Work instructions: Please reproduce, exactly and with nothing added, the line containing "Küp vektör simgeleri." and every line after it to the end of the records.

Material provided:
-- Opening Marker --
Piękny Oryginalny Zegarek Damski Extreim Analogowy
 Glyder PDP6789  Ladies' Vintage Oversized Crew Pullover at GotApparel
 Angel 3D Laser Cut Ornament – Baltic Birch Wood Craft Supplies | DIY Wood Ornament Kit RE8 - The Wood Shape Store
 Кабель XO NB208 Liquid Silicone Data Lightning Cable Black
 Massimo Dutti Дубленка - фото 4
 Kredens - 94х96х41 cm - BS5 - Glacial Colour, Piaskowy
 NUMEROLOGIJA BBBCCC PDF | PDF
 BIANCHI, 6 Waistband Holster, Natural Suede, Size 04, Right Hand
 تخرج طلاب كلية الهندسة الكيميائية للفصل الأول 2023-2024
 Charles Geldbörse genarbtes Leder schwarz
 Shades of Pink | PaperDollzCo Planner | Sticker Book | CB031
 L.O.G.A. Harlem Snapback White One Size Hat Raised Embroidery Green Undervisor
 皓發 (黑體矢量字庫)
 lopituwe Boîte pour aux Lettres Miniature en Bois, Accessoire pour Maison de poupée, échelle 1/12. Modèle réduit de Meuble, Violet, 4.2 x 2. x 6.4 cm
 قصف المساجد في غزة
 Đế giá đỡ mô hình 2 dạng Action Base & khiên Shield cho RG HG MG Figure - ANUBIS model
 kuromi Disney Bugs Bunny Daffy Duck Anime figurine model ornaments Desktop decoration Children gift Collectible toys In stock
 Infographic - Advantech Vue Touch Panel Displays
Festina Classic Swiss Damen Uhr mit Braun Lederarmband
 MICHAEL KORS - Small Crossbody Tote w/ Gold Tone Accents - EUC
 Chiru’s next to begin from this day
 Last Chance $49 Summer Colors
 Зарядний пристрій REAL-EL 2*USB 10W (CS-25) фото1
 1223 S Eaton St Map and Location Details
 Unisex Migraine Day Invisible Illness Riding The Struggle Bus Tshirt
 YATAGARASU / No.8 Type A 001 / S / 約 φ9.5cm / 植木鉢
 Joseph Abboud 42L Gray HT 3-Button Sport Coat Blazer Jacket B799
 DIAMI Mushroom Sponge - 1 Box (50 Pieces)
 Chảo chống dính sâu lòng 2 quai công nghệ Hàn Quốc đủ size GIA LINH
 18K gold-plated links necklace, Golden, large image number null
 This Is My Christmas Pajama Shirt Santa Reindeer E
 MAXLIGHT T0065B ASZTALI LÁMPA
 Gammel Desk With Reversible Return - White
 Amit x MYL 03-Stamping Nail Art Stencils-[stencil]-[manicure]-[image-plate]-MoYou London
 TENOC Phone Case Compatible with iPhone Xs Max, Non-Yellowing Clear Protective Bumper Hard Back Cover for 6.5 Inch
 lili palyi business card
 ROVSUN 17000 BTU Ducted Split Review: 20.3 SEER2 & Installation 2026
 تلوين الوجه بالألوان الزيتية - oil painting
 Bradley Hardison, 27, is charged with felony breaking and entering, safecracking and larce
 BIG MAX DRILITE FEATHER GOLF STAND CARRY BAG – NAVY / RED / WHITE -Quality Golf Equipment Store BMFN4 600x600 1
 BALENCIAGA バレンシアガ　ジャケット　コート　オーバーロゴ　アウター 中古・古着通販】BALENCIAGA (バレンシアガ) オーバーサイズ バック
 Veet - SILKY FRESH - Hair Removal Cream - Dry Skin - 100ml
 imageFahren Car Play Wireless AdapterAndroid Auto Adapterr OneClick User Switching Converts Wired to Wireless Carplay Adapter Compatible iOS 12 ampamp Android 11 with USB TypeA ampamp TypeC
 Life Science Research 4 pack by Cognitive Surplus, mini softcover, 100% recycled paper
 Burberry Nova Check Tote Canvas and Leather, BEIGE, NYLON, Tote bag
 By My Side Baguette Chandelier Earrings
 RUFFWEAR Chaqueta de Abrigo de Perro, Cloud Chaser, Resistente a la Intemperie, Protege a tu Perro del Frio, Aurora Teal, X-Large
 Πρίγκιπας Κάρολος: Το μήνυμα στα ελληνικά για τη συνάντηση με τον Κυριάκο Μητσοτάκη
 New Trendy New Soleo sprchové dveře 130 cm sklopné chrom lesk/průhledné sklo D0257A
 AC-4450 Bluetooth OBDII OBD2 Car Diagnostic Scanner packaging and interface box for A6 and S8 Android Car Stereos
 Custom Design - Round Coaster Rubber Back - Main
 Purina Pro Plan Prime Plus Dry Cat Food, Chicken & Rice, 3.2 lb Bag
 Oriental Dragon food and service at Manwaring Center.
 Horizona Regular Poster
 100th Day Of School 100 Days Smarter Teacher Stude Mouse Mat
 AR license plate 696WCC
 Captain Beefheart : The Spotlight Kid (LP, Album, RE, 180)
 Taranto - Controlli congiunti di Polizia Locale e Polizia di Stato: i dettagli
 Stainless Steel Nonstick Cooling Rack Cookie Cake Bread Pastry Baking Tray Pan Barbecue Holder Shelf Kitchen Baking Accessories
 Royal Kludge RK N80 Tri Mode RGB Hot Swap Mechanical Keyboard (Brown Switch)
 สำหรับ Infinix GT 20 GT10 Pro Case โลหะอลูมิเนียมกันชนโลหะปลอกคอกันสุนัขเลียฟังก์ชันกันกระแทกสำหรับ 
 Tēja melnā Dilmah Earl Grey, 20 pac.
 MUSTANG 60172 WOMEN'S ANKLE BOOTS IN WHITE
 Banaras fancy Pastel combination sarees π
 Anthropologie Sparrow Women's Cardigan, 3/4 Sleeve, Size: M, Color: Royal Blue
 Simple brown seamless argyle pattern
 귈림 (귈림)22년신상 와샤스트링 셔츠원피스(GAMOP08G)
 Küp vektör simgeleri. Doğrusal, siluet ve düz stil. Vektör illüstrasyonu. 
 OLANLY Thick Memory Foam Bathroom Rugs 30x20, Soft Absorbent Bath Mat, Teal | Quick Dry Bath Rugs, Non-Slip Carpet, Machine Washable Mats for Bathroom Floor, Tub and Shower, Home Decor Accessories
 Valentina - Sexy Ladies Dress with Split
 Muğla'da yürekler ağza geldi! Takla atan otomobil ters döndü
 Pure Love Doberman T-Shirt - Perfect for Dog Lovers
-- Closing Marker --
Worked solution:
 Küp vektör simgeleri. Doğrusal, siluet ve düz stil. Vektör illüstrasyonu. 
 OLANLY Thick Memory Foam Bathroom Rugs 30x20, Soft Absorbent Bath Mat, Teal | Quick Dry Bath Rugs, Non-Slip Carpet, Machine Washable Mats for Bathroom Floor, Tub and Shower, Home Decor Accessories
 Valentina - Sexy Ladies Dress with Split
 Muğla'da yürekler ağza geldi! Takla atan otomobil ters döndü
 Pure Love Doberman T-Shirt - Perfect for Dog Lovers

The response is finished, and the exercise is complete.